Data Factory is a fantastic integration tool built into the Azure platform that helps with the movement and transformation of data between locations. It participates in the ETL pathway as highlighted below in this reference architecture shared by Microsoft.

For most data analysts working solely in Power BI – it’s a natural progression of learning to encounter this and other technologies that occur ‘upstream’ from the Power BI ecosystem. Learning how to use Data Factory and other upstream programs only enhances our ability to solve problems and deliver best-in class-solutions.

I’ll be introducing a series of posts over the next year that focus on different ‘patterns’ that exist in Data Factory. We can consider these patterns to be the foundation for much larger and complex solutions, which count on strong and durable foundations.

The pattern today is relatively simple: we are moving tables from a SQL data source to Azure Data Lake Storage. It can be best captured using the highlighted part of the reference diagram.

When getting started with Data Factory it’s worth noting that ADF now exists in two independent locations in the Azure Portal: As a stand-alone product and embedded within Azure Synapse.

For the purposes of this post – we could use either one, as both have the exact same feature set and are arguably the exact same program. However, it’s worth noting that the version in Synapse is perhaps more future-proof as Synapse continues to be shaped into a ‘one-stop-shop’ for data.

So here’s what we are trying to accomplish:

Move 3 tables from Azure SQL to Azure Data Lake Storage (Gen2) and save as Parquet files.

The goal of this post is to focus on the orchestration of this movement using a control table so we are going to keep it simple (hence why there will be a ‘series’ of posts coming).

For every orchestration that takes place in Data Factory – there are 3 required components:

  • A Linked Service: which establishes a connection to the data location
  • A Dataset: which represents the data to be handled
  • A Pipeline: which executes the operations required to ‘move’ the data.

Given these required components – things in Data Factory can escalate QUICKLY if we just start creating each representative component for our simple 3 table move. Here’s what that might look like.

This ad-hoc setup requires 6 datasets, 3 pipelines, and 2 linked services. This may not seem like much, but imagine what it would look like if our table count grows to 100!

Alternatively, Data Factory provides a really ‘handy’ wizard for setting up these components as part of a simple copy activity. (What we plan to do is essentially a copy-activity). It provides a step-by-step flow for creating and selecting the representative pieces. Here’s what part of that wizard flow looks like on the ‘source’ side of our 3 table move.

We aren’t going to look at each step along the way, but the output of the copy-activity is a MUCH cleaner result of 2 Datasets, 2 Linked Services, and 1 Pipeline.

What this copy wizard does really well is that it ‘parameterizes’ the datasets which reduces the number required to just 2. Parameterizing the dataset means that we no longer ‘hard-code’ the values. Instead they are passed in at runtime.

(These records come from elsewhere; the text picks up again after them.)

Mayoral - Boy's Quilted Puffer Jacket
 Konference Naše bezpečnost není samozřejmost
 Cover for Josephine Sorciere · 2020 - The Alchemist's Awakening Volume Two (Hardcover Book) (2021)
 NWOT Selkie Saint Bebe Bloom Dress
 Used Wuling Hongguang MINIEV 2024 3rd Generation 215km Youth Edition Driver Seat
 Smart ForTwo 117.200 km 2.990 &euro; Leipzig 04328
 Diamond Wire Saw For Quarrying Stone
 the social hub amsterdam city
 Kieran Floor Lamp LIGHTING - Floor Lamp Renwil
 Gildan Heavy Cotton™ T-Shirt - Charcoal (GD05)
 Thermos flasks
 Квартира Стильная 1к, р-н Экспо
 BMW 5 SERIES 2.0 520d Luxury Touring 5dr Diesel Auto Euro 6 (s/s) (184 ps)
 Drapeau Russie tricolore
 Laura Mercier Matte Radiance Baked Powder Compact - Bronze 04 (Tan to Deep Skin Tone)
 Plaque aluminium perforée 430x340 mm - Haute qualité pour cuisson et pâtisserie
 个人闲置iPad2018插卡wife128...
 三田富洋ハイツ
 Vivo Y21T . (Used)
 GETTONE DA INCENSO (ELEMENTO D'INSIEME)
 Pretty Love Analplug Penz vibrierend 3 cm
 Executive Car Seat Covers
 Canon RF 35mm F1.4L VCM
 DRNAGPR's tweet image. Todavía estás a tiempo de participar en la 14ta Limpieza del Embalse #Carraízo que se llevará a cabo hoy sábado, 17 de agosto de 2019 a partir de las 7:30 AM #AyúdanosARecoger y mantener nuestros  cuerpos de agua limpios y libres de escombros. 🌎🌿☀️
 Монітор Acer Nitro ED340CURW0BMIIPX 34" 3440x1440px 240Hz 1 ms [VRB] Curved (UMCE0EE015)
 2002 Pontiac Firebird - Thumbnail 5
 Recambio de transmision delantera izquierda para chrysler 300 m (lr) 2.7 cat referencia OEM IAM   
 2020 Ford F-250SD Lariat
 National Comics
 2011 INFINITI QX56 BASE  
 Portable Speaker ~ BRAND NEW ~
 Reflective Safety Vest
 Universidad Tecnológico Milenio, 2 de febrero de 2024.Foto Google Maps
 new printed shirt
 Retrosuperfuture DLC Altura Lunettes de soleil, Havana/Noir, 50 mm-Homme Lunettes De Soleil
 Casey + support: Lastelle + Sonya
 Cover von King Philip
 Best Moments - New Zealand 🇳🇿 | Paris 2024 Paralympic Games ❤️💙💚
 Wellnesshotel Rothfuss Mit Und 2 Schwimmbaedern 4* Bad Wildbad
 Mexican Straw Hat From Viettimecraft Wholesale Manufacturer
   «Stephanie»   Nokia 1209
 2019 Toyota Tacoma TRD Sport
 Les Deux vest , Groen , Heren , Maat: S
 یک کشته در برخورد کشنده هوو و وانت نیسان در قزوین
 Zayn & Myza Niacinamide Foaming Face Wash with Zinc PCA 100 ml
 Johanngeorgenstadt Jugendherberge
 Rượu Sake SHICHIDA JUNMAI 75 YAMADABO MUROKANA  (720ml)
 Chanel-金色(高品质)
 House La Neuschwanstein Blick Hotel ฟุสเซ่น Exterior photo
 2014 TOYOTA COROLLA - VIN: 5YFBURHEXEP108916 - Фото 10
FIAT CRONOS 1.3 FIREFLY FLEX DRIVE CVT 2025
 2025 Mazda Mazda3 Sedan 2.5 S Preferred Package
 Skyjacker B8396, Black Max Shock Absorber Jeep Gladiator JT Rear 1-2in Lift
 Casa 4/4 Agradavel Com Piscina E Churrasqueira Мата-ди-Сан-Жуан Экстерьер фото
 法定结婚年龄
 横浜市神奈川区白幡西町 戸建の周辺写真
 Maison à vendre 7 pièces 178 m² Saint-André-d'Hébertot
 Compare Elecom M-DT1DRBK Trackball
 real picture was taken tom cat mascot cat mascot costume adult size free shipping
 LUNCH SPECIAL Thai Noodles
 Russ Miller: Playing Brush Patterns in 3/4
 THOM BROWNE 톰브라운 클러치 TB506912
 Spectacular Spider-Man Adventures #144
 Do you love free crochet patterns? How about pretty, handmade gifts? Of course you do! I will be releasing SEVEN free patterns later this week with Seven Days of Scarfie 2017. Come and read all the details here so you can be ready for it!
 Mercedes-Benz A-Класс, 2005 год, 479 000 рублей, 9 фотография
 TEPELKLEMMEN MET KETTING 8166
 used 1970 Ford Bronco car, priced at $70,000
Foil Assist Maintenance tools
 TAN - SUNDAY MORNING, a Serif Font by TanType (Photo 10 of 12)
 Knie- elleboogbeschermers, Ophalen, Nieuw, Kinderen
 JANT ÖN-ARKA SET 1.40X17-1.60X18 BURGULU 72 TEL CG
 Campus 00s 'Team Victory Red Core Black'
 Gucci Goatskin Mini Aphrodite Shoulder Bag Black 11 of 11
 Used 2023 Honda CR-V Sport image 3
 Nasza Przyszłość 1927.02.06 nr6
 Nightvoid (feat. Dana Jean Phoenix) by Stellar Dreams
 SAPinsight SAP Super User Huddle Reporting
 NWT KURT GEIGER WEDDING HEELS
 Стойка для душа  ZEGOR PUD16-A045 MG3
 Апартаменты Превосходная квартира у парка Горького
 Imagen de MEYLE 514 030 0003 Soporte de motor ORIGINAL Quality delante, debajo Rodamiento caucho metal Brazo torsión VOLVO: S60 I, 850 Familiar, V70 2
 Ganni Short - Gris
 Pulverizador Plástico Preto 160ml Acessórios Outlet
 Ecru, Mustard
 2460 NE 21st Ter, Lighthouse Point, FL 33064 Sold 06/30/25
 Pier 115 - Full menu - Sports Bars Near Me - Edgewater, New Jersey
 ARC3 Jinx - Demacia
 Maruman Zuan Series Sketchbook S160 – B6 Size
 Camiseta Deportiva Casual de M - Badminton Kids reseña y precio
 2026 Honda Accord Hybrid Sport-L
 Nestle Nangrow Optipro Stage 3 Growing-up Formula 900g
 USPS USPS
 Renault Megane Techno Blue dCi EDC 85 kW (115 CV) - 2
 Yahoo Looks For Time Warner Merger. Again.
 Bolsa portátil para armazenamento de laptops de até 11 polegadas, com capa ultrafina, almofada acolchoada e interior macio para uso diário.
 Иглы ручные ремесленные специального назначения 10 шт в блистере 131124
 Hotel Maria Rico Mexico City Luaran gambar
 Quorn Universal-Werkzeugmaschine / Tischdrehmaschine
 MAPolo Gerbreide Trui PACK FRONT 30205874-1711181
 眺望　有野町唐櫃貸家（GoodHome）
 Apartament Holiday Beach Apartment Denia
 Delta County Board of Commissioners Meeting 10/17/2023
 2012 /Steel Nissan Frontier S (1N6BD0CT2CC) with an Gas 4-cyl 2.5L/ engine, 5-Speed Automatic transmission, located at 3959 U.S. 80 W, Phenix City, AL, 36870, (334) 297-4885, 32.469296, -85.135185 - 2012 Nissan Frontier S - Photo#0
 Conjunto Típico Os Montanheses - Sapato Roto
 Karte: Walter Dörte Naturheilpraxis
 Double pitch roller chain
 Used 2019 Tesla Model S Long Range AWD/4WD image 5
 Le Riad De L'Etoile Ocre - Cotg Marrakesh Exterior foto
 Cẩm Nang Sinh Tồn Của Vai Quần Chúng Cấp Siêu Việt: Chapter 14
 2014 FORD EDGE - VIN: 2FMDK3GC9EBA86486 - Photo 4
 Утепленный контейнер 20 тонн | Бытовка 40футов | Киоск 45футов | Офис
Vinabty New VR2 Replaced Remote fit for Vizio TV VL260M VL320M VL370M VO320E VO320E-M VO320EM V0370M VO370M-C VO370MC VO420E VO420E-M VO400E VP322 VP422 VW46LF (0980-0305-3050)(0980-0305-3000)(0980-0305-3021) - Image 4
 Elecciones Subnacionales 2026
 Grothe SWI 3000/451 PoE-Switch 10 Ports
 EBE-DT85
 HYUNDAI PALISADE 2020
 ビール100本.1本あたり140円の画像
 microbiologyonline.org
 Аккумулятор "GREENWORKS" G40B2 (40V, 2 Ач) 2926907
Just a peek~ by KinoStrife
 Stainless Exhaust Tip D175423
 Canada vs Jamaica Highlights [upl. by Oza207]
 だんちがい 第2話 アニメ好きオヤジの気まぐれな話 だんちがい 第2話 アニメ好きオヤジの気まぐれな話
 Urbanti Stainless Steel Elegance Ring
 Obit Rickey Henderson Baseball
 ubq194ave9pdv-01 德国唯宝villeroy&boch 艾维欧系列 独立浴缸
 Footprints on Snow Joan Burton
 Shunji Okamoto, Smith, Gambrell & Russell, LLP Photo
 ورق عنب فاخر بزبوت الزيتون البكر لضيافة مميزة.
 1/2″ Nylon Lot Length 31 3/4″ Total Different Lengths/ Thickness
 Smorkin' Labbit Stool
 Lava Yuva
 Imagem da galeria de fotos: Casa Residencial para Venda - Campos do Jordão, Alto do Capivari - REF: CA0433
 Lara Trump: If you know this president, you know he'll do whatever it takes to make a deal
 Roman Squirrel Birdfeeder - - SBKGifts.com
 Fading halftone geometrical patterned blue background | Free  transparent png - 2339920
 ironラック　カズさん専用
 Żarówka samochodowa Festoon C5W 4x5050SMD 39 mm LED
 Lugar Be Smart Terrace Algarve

This is what the Azure SQL Dataset looks like once parameterized by the copy wizard:

The down side of the Copy Activity wizard occurs when we need to change something. Let’s say we want to add another table from the same database to the activity. Where would this be done?

Well it’s not immediately clear, but after clicking on the Pipeline background – we can pull up the Pipeline parameter menu and see that the copy wizard dropped our hard-coded values here

That means any changes we want to make to our pipeline must be made within this ‘default value’ box holding an array of values. Here’s what the array text looks like when it is formatted and pasted into a separate area:

[
	{
		"source": {
			"schema": "dbo",
			"table": "Address"
		},
		"destination": {
			"fileName": "dboAddress.parquet"
		}
	},
	{
		"source": {
			"schema": "SalesLT",
			"table": "Customer"
		},
		"destination": {
			"fileName": "SalesLTCustomer.parquet"
		}
	},
	{
		"source": {
			"schema": "SalesLT",
			"table": "Product"
		},
		"destination": {
			"fileName": "SalesLTProduct.parquet"
		}
	}
]

While it’s certainly ‘doable’ to edit and update the information in this array to add or remove a table, it can be a bit daunting as the sole means of managing this activity.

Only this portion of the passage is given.